According to the Fourth Bureau, Sorge had the correct credentials. He had dependability, charm, intelligence and possessed the essential requirement of luck.
In the melee of the first world war Sorge had decided to become a communist and joined the Comintern and later the Russian Communist Fourth Bureau. By1919 he became a fully fledged spy. His great uncle was a friend of Marx and Engles, has mother was Russian and father a German mining engineer.
Sorge had two contacts in Japan that would prove to be useful.
Hotsumi Ozaki was a journalist for the daily Asahi Shimbun.
Sorge had met him in China in 1933 while reporting in Shanghai and gather military information for the fourth bureau. Ozaki had made connections with the Chinese Communist party and was supplying them with information on Japanese plans. This provided Sorge and Ozaki with a pool of information they could use.
Ozaki was sent to Japan on consignment and Sorge was recalled to Moscow. Eighteen months later Sorge was in Japan and met up with Ozaki. Ozaki had been acclaimed as a specialist on China and invited to become a member of a special club. Members of this club included Prince Konoye the future prime minister of Japan. So successful was Ozaki he became an adviser to the cabinet secretariat, giving him an opportunity to pass information to Sorge.
Pre- war Japan had its close circle of establishment connections usually origination from a school or university. Ozaki fitted in well with this environment and was well liked for his knowledge of world of politics and academia. The Japanese were tight lipped to those outside the circle, but fairly open to those inside. As Sorge’s Trojan horse Ozaki supplied impeccable information during the run up to the eastern war.
On arrival in Japan, Sorge struck up a friendship with a fellow German Eugen Ott, who became an Ambassador. It may be possible that Sorge was a double agent as he did give information to Ott.
In September 1939 when war broke out in Europe Sorge was head of an efficient intelligence group. Information was sent to Siberia from a Portable transmitter and later dispatched to Moscow.
As a friend of Ott he would have breakfast at the German Embassy where he gained vital knowledge on German plans to attack Russia. Ritter von Niedermayer a special envoy told Sorge of the imminent attack and another German officer filled in the blanks. This was Lieutenant Colonel Scholl who had a heart attack whilst drinking. He informed Sorge of the number of German divisions massing on the Russian border. From the facts given he had to find out if the Japanese had plans to support their German allies.
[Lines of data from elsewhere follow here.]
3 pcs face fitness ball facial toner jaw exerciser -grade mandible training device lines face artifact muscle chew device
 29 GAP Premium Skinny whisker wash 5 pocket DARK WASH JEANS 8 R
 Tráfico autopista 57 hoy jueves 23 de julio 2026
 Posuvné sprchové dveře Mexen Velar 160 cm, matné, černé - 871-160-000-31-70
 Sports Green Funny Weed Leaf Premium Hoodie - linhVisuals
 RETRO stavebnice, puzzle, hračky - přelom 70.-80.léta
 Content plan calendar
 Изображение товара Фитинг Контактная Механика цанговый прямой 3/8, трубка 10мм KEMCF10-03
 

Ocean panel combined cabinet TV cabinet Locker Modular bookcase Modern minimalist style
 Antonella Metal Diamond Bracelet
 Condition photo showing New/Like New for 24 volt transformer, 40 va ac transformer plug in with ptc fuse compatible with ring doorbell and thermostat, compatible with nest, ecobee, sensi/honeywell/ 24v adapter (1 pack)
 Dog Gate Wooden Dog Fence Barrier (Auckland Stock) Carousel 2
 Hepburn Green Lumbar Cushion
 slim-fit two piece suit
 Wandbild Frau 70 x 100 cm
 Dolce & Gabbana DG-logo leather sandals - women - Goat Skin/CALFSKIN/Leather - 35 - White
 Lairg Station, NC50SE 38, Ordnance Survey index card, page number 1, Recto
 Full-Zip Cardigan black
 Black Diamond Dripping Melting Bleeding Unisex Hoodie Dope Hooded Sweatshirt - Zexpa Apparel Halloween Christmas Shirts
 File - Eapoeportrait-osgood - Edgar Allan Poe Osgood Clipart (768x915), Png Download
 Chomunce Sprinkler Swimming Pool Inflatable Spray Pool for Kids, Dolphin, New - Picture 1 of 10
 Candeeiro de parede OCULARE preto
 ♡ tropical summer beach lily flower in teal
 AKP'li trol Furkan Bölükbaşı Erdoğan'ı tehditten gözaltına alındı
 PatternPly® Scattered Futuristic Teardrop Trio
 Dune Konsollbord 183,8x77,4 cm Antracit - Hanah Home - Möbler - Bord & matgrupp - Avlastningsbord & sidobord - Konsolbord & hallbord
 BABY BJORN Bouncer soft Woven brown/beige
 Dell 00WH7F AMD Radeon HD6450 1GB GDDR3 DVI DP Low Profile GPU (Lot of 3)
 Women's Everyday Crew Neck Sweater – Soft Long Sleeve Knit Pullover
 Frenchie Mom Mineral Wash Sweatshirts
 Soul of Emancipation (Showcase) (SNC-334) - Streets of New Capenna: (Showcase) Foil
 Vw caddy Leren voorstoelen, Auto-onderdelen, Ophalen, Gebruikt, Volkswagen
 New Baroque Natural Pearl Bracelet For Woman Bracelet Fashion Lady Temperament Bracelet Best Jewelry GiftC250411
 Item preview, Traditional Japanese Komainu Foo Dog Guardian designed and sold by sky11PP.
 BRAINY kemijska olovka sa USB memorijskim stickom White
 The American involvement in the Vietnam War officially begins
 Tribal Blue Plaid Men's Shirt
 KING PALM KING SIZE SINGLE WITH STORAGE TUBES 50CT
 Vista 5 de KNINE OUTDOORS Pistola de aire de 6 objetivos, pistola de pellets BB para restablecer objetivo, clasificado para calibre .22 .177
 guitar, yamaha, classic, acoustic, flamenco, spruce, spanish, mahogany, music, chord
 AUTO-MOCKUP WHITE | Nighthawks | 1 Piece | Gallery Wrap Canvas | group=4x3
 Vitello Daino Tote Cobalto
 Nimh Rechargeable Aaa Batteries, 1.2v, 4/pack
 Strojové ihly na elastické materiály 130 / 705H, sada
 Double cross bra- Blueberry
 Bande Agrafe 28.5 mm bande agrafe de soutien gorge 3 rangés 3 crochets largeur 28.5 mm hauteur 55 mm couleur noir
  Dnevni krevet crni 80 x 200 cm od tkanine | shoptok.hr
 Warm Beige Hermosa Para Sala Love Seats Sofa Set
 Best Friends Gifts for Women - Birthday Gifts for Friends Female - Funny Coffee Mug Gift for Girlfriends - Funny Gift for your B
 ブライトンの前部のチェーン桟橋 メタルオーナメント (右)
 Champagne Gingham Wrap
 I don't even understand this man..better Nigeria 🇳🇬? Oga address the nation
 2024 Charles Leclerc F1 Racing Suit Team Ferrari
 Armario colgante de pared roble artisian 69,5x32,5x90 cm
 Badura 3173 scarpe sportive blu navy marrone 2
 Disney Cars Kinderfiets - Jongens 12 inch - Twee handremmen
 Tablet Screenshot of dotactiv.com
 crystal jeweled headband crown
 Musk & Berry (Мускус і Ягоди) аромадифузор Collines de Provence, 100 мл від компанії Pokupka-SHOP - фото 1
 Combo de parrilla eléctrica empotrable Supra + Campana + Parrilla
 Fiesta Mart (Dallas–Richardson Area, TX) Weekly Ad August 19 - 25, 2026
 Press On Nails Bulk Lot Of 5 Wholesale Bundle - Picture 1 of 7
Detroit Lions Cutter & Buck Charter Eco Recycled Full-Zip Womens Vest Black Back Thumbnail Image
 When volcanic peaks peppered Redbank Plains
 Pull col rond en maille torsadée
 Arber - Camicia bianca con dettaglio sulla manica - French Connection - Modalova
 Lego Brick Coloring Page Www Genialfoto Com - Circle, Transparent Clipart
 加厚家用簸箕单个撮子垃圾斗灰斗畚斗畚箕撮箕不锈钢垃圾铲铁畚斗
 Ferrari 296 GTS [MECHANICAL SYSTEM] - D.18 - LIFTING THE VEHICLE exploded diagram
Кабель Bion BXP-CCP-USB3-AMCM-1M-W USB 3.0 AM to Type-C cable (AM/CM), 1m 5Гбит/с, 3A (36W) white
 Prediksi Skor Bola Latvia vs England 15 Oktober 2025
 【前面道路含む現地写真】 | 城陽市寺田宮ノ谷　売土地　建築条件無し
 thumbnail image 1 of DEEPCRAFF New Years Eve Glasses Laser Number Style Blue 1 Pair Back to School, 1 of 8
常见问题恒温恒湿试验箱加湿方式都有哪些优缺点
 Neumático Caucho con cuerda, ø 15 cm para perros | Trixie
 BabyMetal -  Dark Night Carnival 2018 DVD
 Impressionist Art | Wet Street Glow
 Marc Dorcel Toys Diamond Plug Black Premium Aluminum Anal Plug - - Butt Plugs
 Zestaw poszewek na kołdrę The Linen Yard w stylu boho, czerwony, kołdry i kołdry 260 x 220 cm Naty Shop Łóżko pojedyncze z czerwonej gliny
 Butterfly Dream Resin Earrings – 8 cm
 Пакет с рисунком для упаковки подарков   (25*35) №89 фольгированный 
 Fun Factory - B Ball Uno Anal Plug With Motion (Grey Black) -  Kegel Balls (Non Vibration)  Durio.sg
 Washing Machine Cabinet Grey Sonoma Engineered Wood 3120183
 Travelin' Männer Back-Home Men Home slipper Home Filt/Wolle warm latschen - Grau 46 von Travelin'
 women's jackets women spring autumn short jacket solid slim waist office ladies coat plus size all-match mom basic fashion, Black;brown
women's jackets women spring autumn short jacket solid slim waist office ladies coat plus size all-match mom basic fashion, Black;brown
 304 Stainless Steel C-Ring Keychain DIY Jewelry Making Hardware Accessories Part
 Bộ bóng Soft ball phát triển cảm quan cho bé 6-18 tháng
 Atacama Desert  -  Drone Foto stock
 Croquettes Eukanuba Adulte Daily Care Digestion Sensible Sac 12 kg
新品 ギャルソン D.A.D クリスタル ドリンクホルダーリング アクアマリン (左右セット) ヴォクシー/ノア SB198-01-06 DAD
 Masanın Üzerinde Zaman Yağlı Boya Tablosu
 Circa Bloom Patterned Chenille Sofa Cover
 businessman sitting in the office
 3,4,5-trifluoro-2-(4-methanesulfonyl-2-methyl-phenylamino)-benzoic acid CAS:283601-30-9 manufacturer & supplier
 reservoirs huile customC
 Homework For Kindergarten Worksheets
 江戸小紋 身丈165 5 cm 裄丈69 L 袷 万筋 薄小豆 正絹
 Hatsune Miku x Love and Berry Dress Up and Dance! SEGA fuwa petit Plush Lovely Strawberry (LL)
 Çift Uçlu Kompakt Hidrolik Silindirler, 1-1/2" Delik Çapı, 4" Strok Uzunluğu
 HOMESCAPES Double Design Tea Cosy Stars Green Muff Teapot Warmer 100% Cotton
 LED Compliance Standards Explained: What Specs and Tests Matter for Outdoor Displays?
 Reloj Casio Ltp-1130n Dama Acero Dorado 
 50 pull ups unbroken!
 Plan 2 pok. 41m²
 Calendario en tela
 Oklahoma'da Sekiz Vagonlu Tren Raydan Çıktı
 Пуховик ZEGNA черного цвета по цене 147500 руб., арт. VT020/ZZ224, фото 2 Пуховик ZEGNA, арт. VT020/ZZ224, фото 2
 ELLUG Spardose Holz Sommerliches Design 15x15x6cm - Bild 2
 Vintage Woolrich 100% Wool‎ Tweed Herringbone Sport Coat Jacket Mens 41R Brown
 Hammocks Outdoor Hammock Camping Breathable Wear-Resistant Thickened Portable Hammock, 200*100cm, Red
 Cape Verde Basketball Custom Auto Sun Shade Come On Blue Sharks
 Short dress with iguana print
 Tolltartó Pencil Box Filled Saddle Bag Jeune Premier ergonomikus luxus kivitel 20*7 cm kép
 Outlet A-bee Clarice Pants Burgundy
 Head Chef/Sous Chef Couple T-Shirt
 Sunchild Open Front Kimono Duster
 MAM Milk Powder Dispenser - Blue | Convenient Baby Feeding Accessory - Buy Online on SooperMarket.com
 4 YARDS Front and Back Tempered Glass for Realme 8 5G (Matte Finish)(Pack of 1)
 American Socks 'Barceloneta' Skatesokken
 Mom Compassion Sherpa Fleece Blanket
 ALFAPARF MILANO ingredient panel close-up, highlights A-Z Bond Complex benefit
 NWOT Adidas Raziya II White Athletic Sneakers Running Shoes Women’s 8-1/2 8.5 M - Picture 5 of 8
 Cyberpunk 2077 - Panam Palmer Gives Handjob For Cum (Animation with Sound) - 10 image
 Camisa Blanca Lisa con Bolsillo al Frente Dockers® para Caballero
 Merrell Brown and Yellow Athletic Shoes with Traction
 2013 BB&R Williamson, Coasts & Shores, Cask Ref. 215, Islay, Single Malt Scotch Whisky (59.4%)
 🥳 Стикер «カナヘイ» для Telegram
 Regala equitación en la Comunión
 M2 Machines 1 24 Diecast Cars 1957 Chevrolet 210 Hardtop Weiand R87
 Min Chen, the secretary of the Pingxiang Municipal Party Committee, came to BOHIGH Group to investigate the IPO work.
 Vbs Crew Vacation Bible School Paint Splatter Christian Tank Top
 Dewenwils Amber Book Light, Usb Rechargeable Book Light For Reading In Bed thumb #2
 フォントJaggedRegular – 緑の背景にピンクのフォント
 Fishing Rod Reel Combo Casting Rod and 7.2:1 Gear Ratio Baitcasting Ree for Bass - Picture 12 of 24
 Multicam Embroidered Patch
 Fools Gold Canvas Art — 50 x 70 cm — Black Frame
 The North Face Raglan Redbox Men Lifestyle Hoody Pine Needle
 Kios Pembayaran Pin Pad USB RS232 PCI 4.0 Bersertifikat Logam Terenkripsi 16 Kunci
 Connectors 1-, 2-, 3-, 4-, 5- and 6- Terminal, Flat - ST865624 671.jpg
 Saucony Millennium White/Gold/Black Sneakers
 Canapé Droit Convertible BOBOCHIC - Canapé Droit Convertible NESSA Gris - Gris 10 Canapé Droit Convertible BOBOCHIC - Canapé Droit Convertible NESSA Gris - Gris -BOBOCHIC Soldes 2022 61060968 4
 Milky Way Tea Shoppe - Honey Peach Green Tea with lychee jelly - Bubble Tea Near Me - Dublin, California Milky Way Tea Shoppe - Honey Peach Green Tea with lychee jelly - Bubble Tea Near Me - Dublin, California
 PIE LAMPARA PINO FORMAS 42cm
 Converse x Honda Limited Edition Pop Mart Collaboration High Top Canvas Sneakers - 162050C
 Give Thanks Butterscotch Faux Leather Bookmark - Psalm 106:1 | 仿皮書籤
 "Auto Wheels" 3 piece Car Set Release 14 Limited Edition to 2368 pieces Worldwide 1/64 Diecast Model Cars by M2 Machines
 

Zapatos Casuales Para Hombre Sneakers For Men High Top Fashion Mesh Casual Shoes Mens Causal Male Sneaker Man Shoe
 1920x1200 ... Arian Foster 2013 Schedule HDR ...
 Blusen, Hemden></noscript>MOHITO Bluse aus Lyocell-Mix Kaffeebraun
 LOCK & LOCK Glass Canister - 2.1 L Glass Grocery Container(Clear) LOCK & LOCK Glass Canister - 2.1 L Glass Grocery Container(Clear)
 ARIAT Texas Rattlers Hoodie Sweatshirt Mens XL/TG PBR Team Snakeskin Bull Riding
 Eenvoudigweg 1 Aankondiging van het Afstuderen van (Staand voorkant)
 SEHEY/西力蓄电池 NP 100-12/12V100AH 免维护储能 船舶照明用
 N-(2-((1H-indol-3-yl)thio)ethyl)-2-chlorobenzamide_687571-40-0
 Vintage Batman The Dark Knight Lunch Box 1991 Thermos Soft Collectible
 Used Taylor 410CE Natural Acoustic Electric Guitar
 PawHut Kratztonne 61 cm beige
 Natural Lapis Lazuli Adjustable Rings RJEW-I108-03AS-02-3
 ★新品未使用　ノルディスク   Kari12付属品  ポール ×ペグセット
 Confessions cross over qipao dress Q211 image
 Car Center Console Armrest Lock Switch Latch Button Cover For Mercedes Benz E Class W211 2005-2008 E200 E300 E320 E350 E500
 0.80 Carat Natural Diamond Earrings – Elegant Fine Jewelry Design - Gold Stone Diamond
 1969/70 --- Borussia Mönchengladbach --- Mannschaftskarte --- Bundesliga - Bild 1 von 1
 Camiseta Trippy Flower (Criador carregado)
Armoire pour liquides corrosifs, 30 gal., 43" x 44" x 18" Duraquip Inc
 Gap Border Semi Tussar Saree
Sorge realised a war on two fronts would be disastrous. Ribbentrop had sent telegrams to Ott asking the Japanese to come in as Germans allies and attack Russia. The idea seems the Germans and Japanese were to meet in the Urals.
The Japanese army began to mobilise through the autumn months and the Americans and Britain responded by imposing an oil embargo.
The Japanese high command had a choice of targets and it was now up to Sorge to find out the actual one.
Sorge had two other companions involved, one a Yugoslav Journalist Branko Vukelic and a Japanese painter Yutoku Miyagi both employed by the fourth bureau.
The ring now contained Sorge, Ozaki, Klausen, Miyagi and Vukelic.
Miyagi was an expert radio operator who had his own successful business. Through time he began to lose interest in spying and his wife was unimpressed by communism.
Vukelic was a linguist and photographic technician, he had his own web of conspirators with communistic sympathies.
Ozaki reassured Sorge there would be no attack on Russian soil that year, unless the Russians withdrew from Siberia, or the European front caved in. This information came from a secret meeting of high ranking officers in Tokyo.
When Moscow was threatened in the autumn of 1941, eleven rifle divisions were sent from Siberia on the strength of Sorge’s intelligence. This action may have not only saved Moscow but all of Russia.
As Stalin had the habit of murdering anyone he disliked, including leaders of the fourth bureau, we are not a hundred percent sure if other spy units worked in Japan.
From excellent sources Sorge informed Moscow that Japan intended to attack the Americans late in 1941, and Pearl Harbour was mentioned. This information had to come direct from Japanese Naval sources as Tojo his Government and Army were not consulted on the target. The Russian Embassy in Tokyo had access to information on the impending attack on Hawaii, which surely would have come from the Serge spy ring.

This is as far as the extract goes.